Crawled caption data:
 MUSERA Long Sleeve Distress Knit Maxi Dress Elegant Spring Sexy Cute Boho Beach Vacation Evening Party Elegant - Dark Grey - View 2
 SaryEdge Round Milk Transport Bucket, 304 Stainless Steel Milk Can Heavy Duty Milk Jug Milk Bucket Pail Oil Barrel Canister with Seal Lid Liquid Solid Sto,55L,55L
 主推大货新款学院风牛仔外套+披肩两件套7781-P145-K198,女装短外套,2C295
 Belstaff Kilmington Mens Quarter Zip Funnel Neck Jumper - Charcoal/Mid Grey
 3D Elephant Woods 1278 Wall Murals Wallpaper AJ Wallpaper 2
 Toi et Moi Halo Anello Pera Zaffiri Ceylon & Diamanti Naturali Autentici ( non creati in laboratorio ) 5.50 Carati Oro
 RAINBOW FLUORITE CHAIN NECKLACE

About this exercise: Would you repeat all of the entries exactly?

Answer box:
 MUSERA Long Sleeve Distress Knit Maxi Dress Elegant Spring Sexy Cute Boho Beach Vacation Evening Party Elegant - Dark Grey - View 2
 SaryEdge Round Milk Transport Bucket, 304 Stainless Steel Milk Can Heavy Duty Milk Jug Milk Bucket Pail Oil Barrel Canister with Seal Lid Liquid Solid Sto,55L,55L
 主推大货新款学院风牛仔外套+披肩两件套7781-P145-K198,女装短外套,2C295
 Belstaff Kilmington Mens Quarter Zip Funnel Neck Jumper - Charcoal/Mid Grey
 3D Elephant Woods 1278 Wall Murals Wallpaper AJ Wallpaper 2
 Toi et Moi Halo Anello Pera Zaffiri Ceylon & Diamanti Naturali Autentici ( non creati in laboratorio ) 5.50 Carati Oro
 RAINBOW FLUORITE CHAIN NECKLACE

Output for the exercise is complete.